Milletleşme ile ortak hukuk sistemi arasında doğrudan bir ilişki vardır. Aynı hukuka tabi olmak,zamanla o hukuk sisteminden beslenen ortak tavırlar ve değerler oluşmasına neden olur. Aynı hukuka sahip toplumları benzeştirir.Millet olmanın dinamosu etnik homojenlik değil kültürel benzerliktir. Ortak hukuk buna hizmet eder.Pakistan Hindistan'a göre etnik olarak daha homojendir ama Hindistan Pakistan'a göre daha milletleşmiştir.Bunun nedeni ortak hukuk ve demokrasidir. İslam dünyasında ilk anayasa  1861 de Tunus'ta  yapılmıştır.Arap dünyasında ilk medeni kanun da  yine 1956 ta Tunus'ta yapılan Şahsın Hukukuna Dair kanundur. Bu yasa ile tek hukuk sistemine geçilmiş,farklı toplum kesimleri ortak hukuk yoluyla birbirine yaklaştırılmıştır.Mezghani'ye göre Arap Baharının sadece Tunus'ta başarıya ulaşmasının arkasında hukuk yoluyla sağlanan bu kısmi milletleşme vardır.

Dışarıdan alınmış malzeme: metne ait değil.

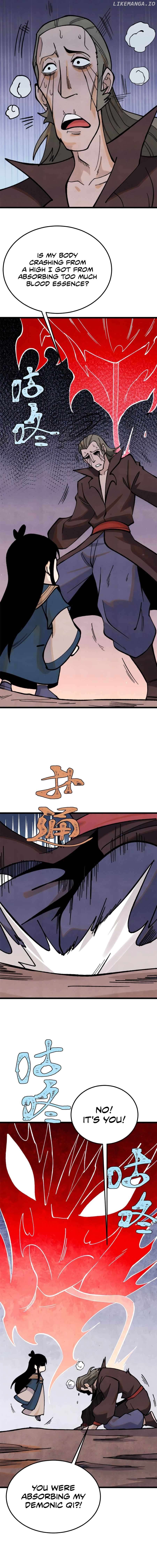 All Hail the Sect Leader Chapter 356 - page 3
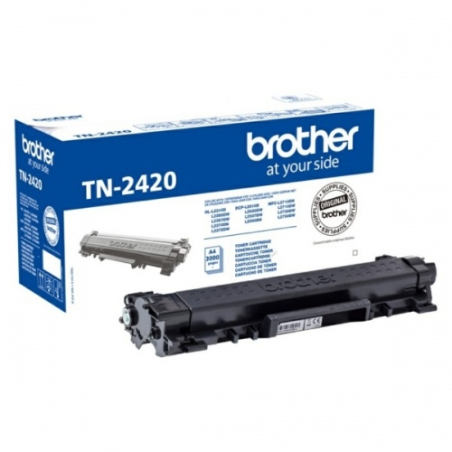 BROTHER TN-2420 Toner black|TN2420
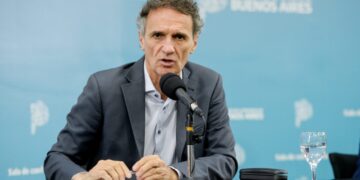 Katopodis vuelve a Necochea: se reunirá con Rojas y recorrerá la Casa de la Provincia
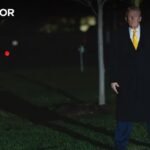 Trump interrompe diálogos comerciais com a Tailândia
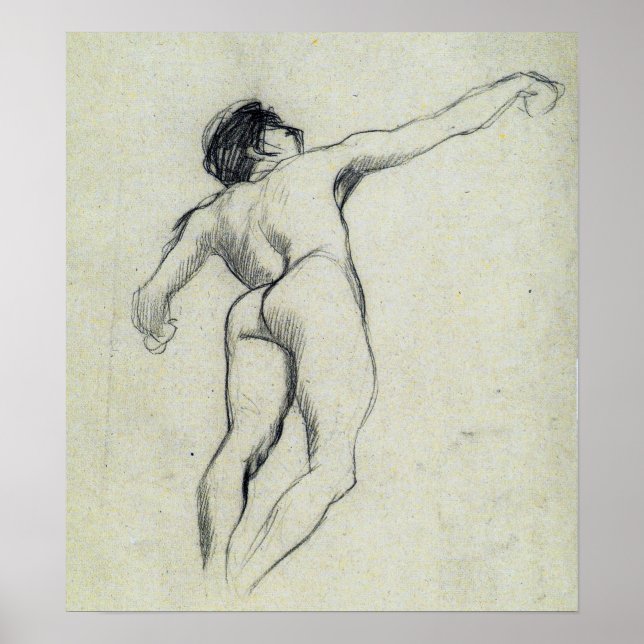 Klimt - Flyter undervy Poster (Framsidan)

ABD ile yaşanan son gerilim milletleşmenin  ortak tepkiler geliştirmede ne kadar önemli olduğunu göstermiştir. Uluslaşma araçlarından biri de ortak hukuktur. Bunun için tek bir anayasa veya medeni yasaya sahip olmak yetmez,önemli olan  hukukun siyaseti denetlediği, kişi ve kurumların  hukukun üstüne çıkmadığı bir düzenin tesisidir. Hukuki çeşitlilik toplumsal davranışlara da yansır neticede farklı motivasyonlarla hareket eden toplum katmanları oluşur. Onun için yasa ve hukuk her kurum ve kişinin üzerinde olmak zorundadır.

Not.Bu yazıda Ali Mezghani'nin Tamamlanmamış Devlet isimli kitabından yararlanılmıştır. Bütün okuyucularıma tavsiye ederim.